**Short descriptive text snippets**
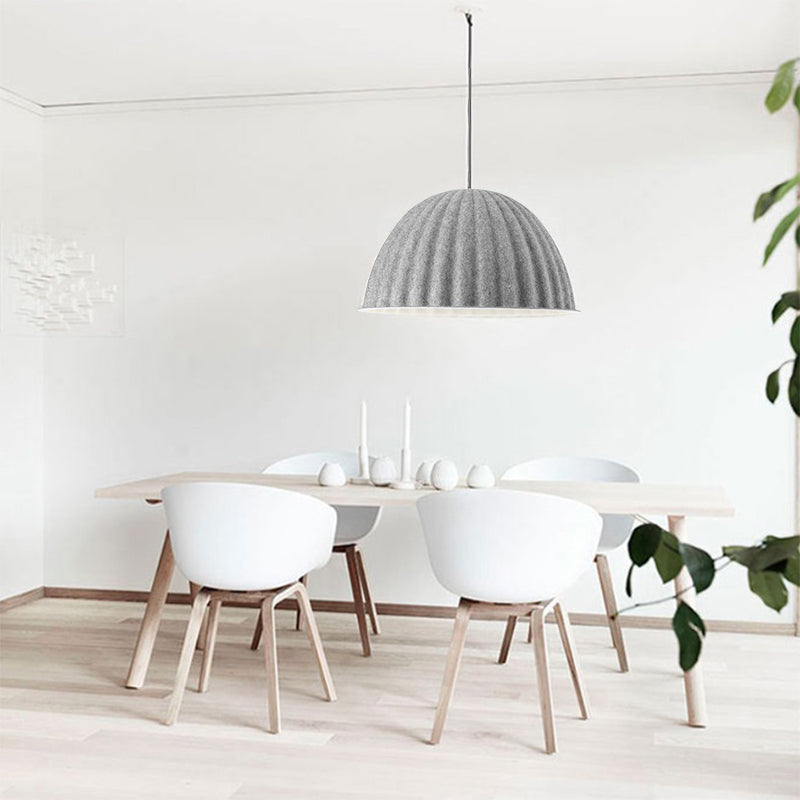 Modern Grey Pendant Light With Bowl Metal Shade For Living Room Ceiling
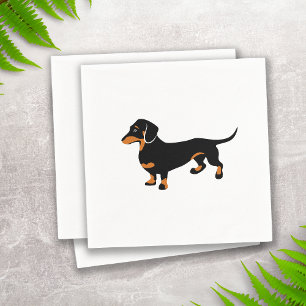 Serviettes Jetables Petit teckel noir et bronzage mignon - chien de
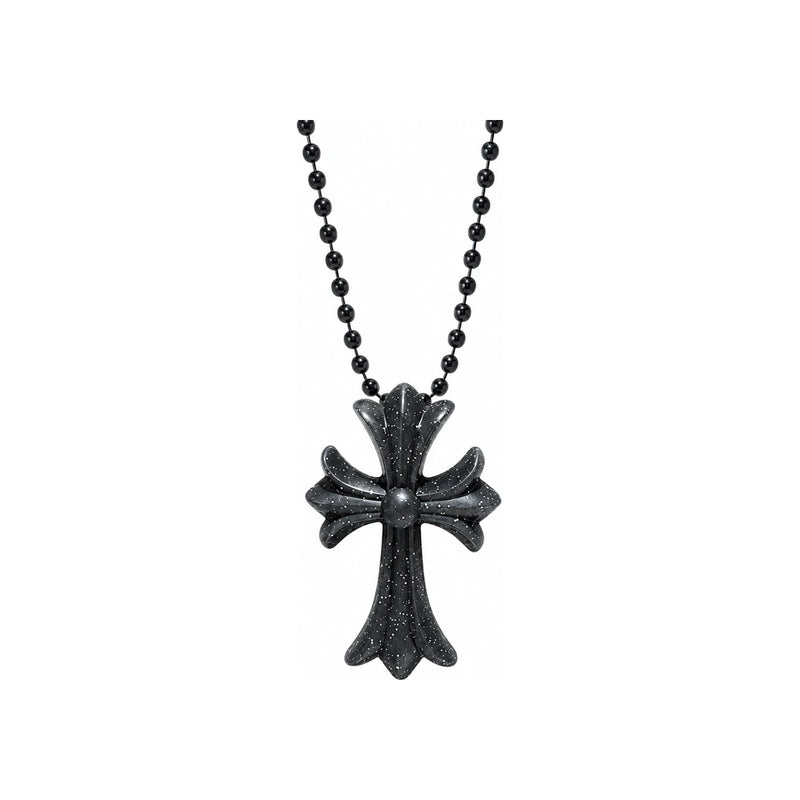 Chrome Hearts Black Glitter CH Cross Pendant Necklace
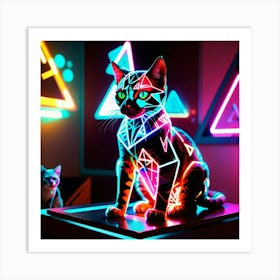 Neon Cat 1 Art Print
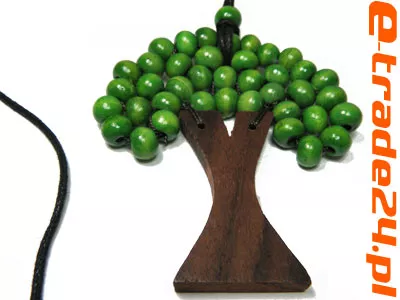 Drewniany Naszyjnik DRZEWO Rękodzieło Orient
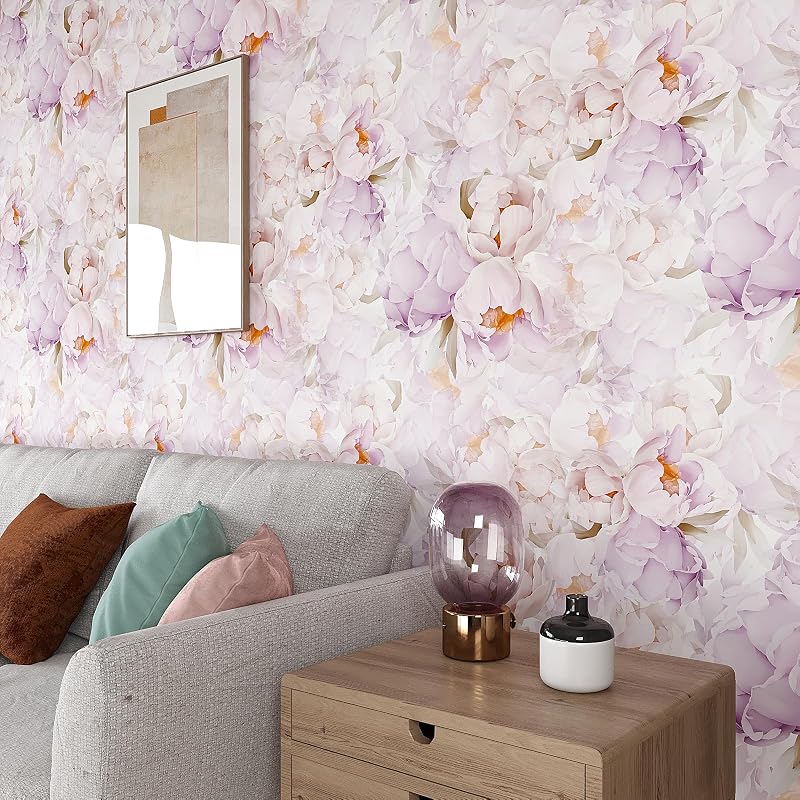 Papel tapiz floral lavanda para niñas 17.7x354 ft
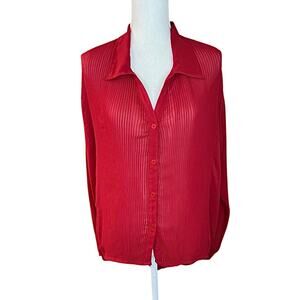 Red sheer Pleated Button Down Shirt with Notched Collar professional office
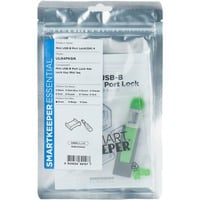 ESSENTIAL Mini USB-B Port Lock (UL04) + Lock Key Mini (U04), Einsteckschloss Farbcode Grün, 4 Stück + 1 Schlüssel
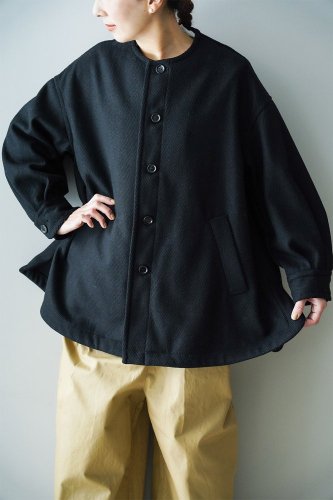 【sale】UNIVERSAL TISSU Wool collarless jacket（Black）-20%OFF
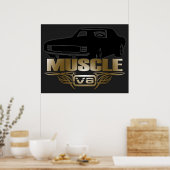 マッスルカーV8 ポスター (キッチン)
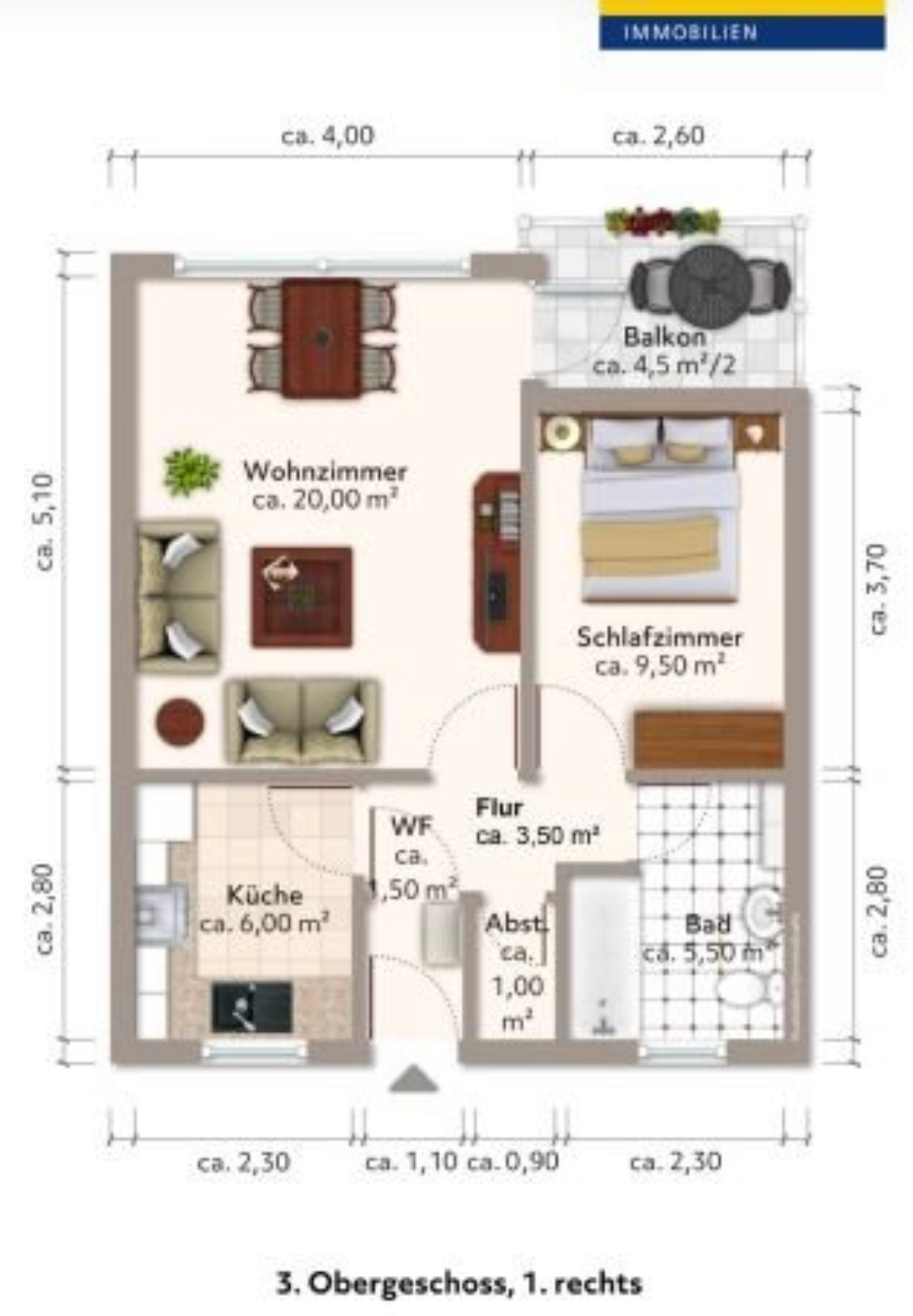 Wohnung zur Miete 600 € 2 Zimmer 50 m²<br/>Wohnfläche 3.<br/>Geschoss Unstrutstr Rothenburg Braunschweig 38120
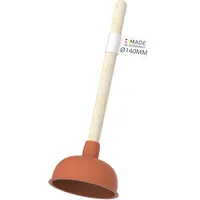 Kirchhoff Pömpel Ausgussreiniger mit Holzgriff 14 cm rot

**About this task**
Omit the pictures, and please restate word for word the lines running from the line with "マッスルカーV8 ポスター (キッチン)" to the end of the entries.

**Solved problem**
 マッスルカーV8 ポスター (キッチン)
 Wohnung zur Miete 600 € 2 Zimmer 50 m²<br/>Wohnfläche 3.<br/>Geschoss Unstrutstr Rothenburg Braunschweig 38120
 Kirchhoff Pömpel Ausgussreiniger mit Holzgriff 14 cm rot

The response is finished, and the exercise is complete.